- ACTIVITY -
Using the data below, output a verbatim copy of the lines between the one holding "Mid-Century Vintage Napoleon" and the one holding "Photo of Zderzenie", inclusive, without any pictures.

==== DATA

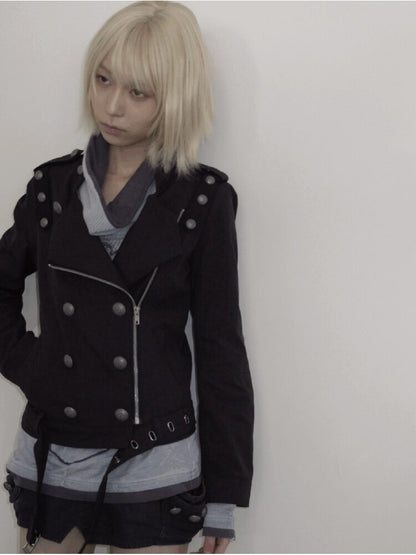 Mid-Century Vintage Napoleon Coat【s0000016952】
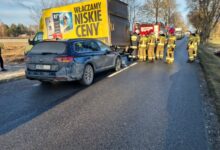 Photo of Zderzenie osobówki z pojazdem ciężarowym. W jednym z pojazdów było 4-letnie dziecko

========
==== DATA

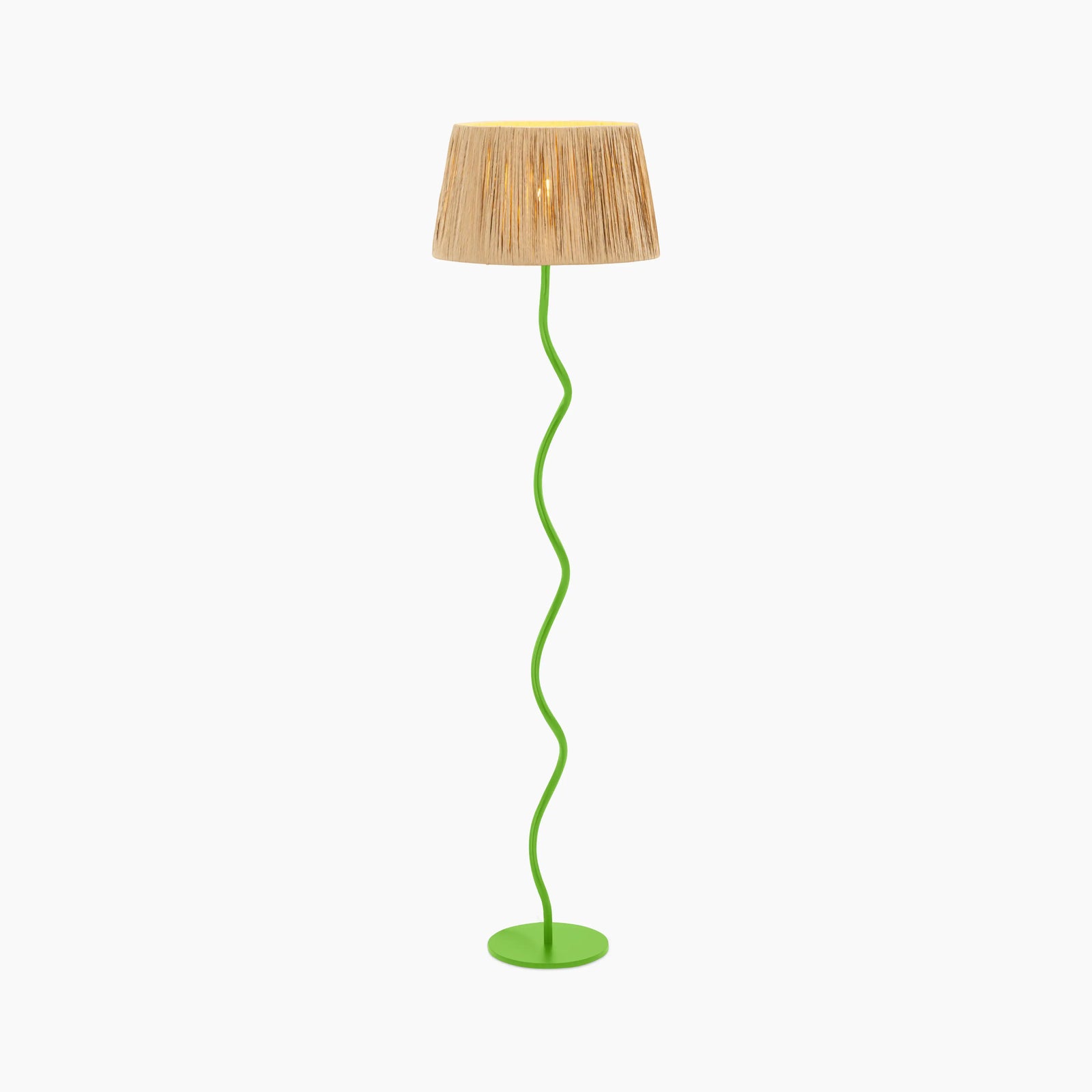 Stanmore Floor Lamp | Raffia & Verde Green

========

- TASK RESULT -
 Mid-Century Vintage Napoleon Coat【s0000016952】
 Photo of Zderzenie osobówki z pojazdem ciężarowym. W jednym z pojazdów było 4-letnie dziecko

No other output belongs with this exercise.